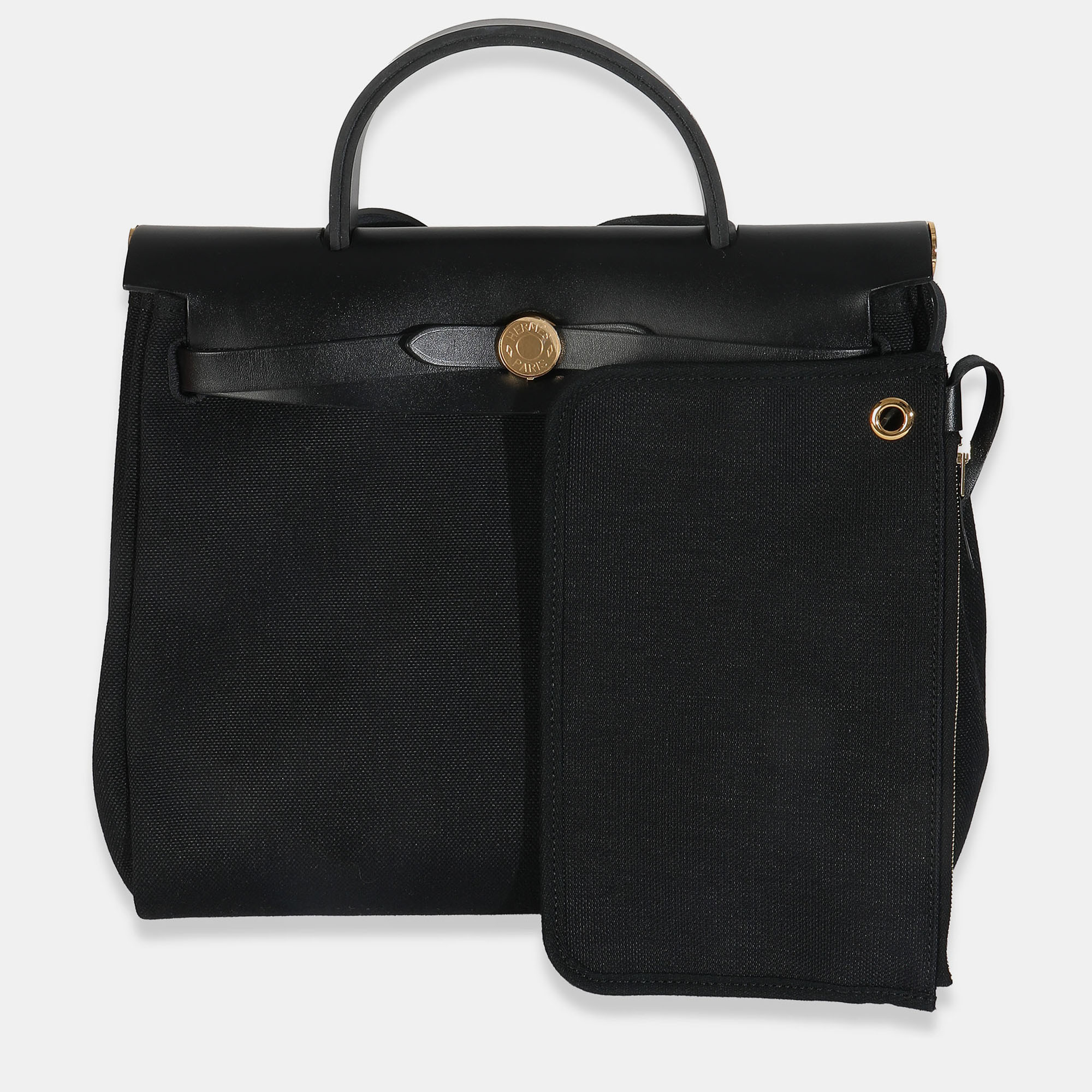 

Hermes Herbag Zip 31 Black Military Toile Vache Hunter PM GHW Handbag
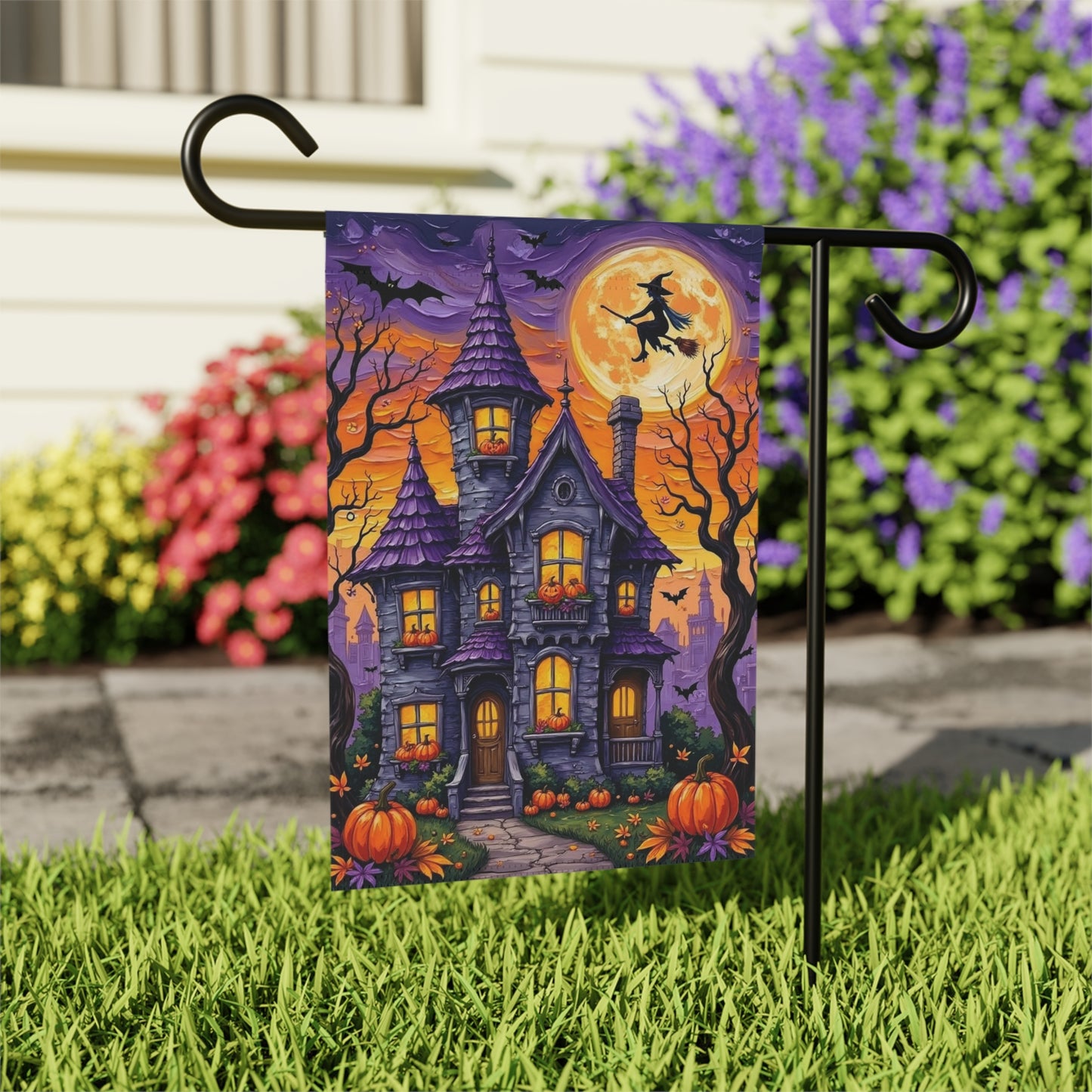 Halloween Garden Flag β Haunted House with Pumpkins, Witch & Full Moon β Spooky Outdoor Yard Decoration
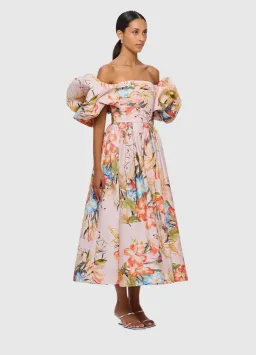 Leo Lin Matilda Puff Sleeve Midi Dress Opulent Print in Blush Size 14 for rent on The Volte - image 2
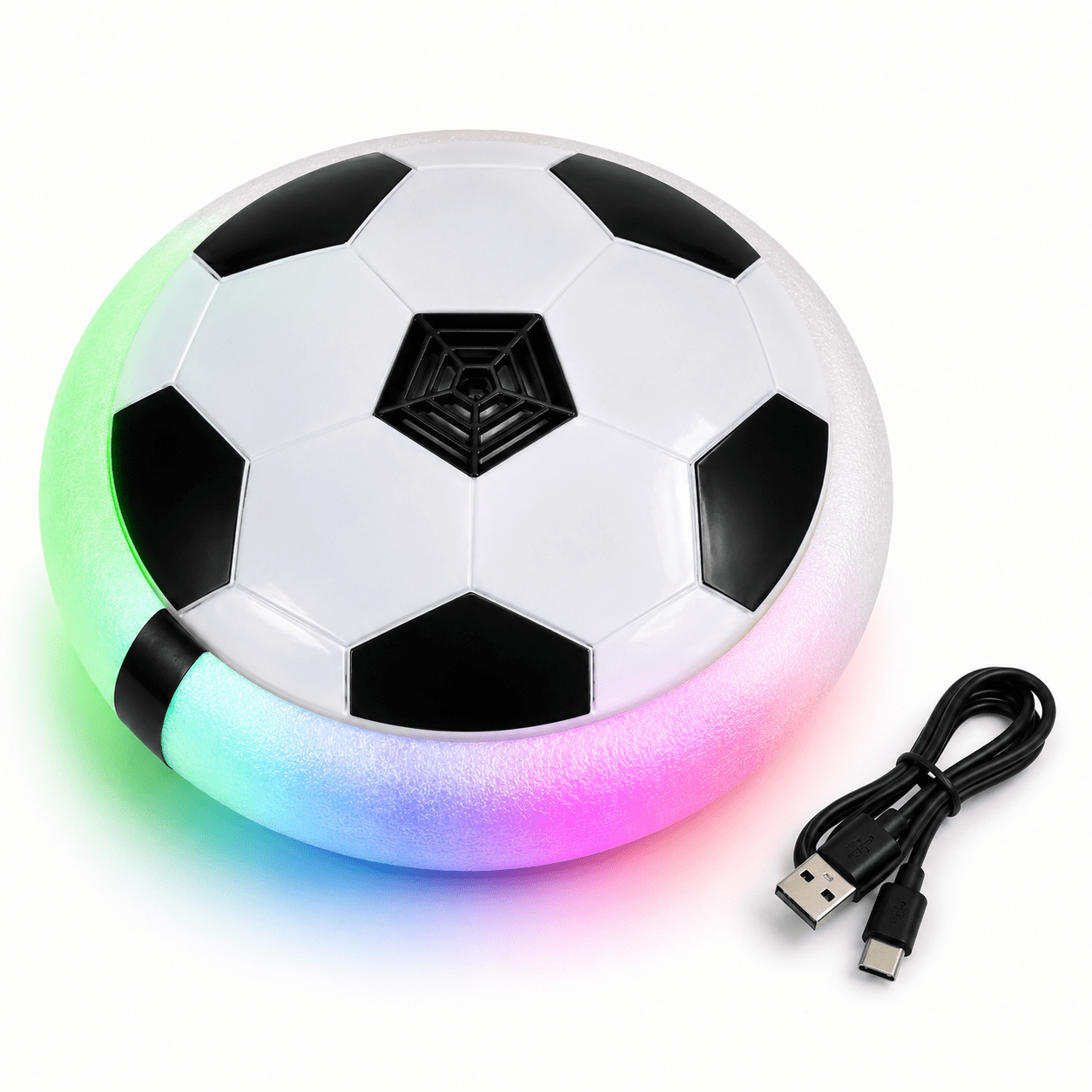 Kidroo Hover Ball for Kids | USB Type-C Rechargeable Hover Football with LED Lights | BIS Approved Indoor Floating Soccer Ball with Soft Foam Bumper | Gift for Boys & Girls 3-10 Years - WHITE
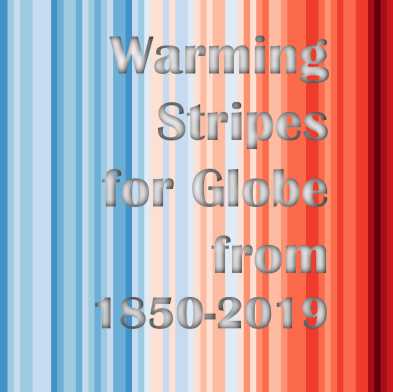 Warming Stripes for Globe from 1850-2019 (Quelle: www.climate-lab-book.ac.uk/2019/showyourstripes)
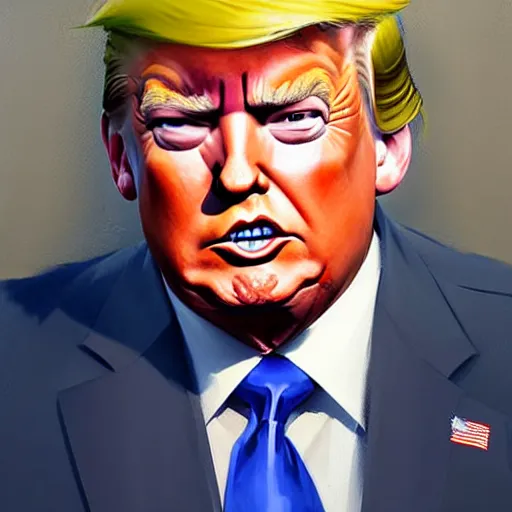 Image similar to greg manchess portrait painting of donald trump as overwatch character, medium shot, asymmetrical, profile picture, organic painting, sunny day, matte painting, bold shapes, hard edges, street art, trending on artstation, by huang guangjian and gil elvgren and sachin teng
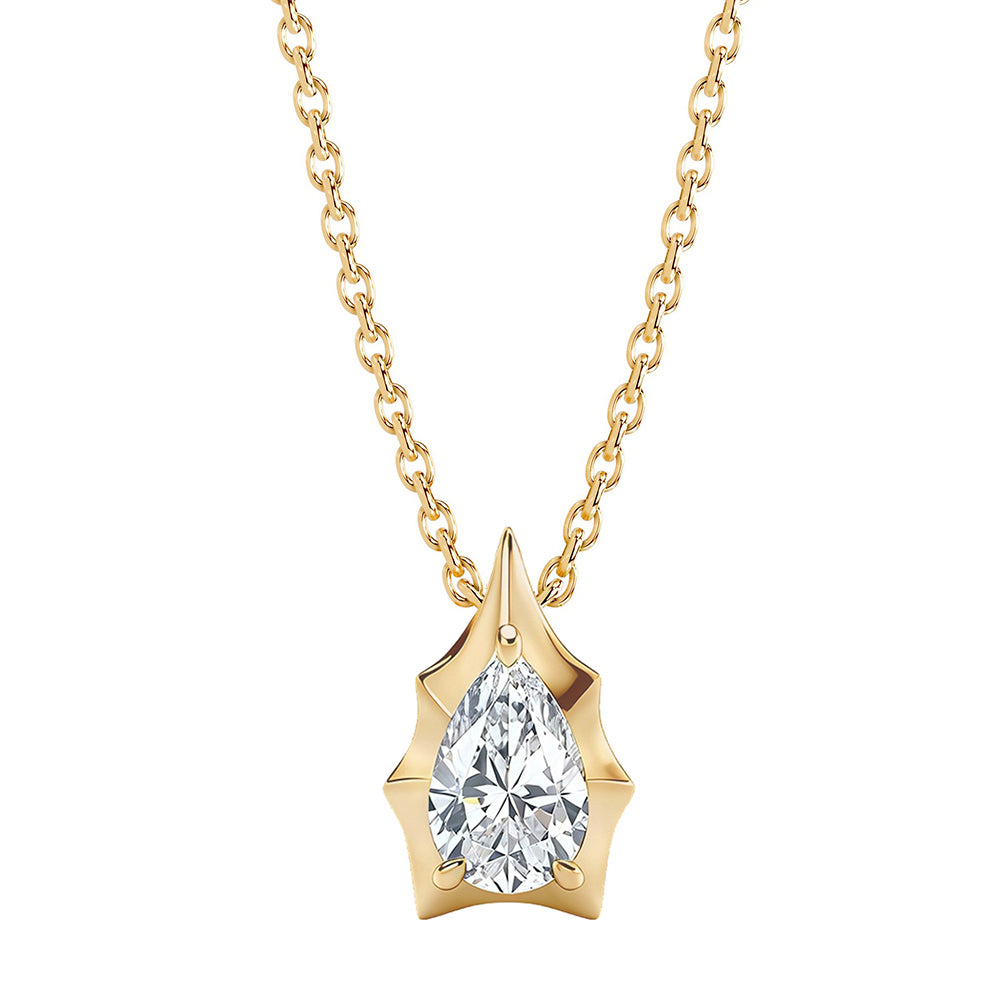 1 Carat Pear Cut Moissanite Starline Pendant Necklace | S925 Sterling Silver | 16"+2" (40+5cm)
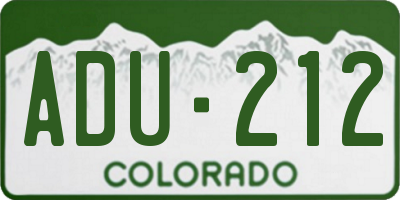 CO license plate ADU212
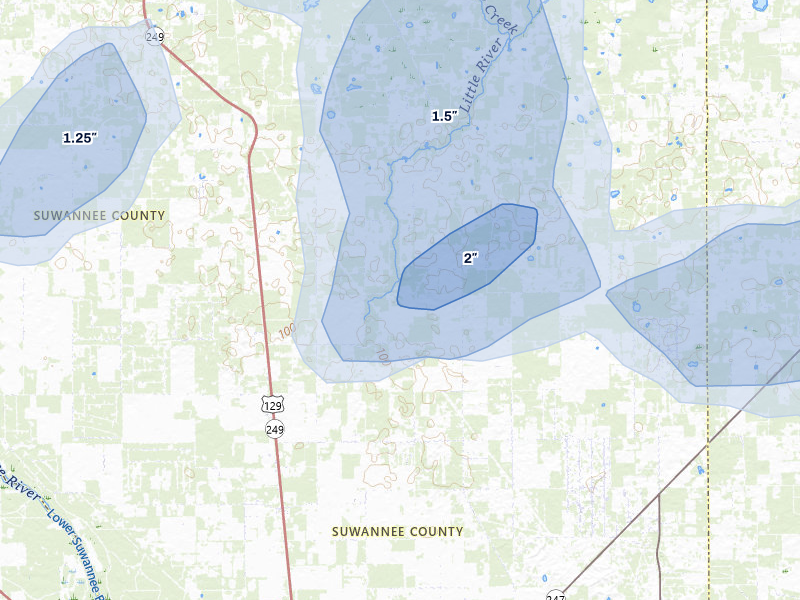 NEXRAD radar-signature map of the hail storm over Mc Alpin, FL on May 17, 2026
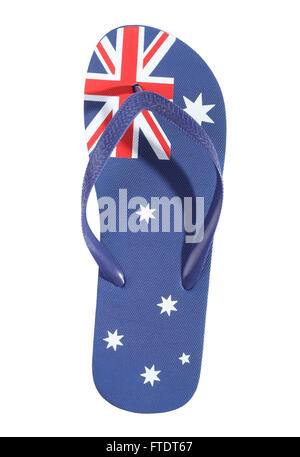 Thong avec drapeau australien isolé sur fond blanc. Banque D'Images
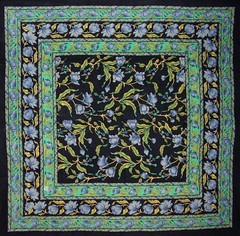 French Floral Square Cotton Tablecloth 60″ x 60″ Blue on Black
********************
▶ DIRECTIONS FOR THIS TASK
Retype exactly, and only, the lines from the one containing "CO license plate ADU212" through the end of the material, leaving aside every picture.

▶ SOLVED PROBLEM
 CO license plate ADU212
 NEXRAD radar-signature map of the hail storm over Mc Alpin, FL on May 17, 2026
 Thong avec drapeau australien isolé sur fond blanc. Banque D'Images
 French Floral Square Cotton Tablecloth 60″ x 60″ Blue on Black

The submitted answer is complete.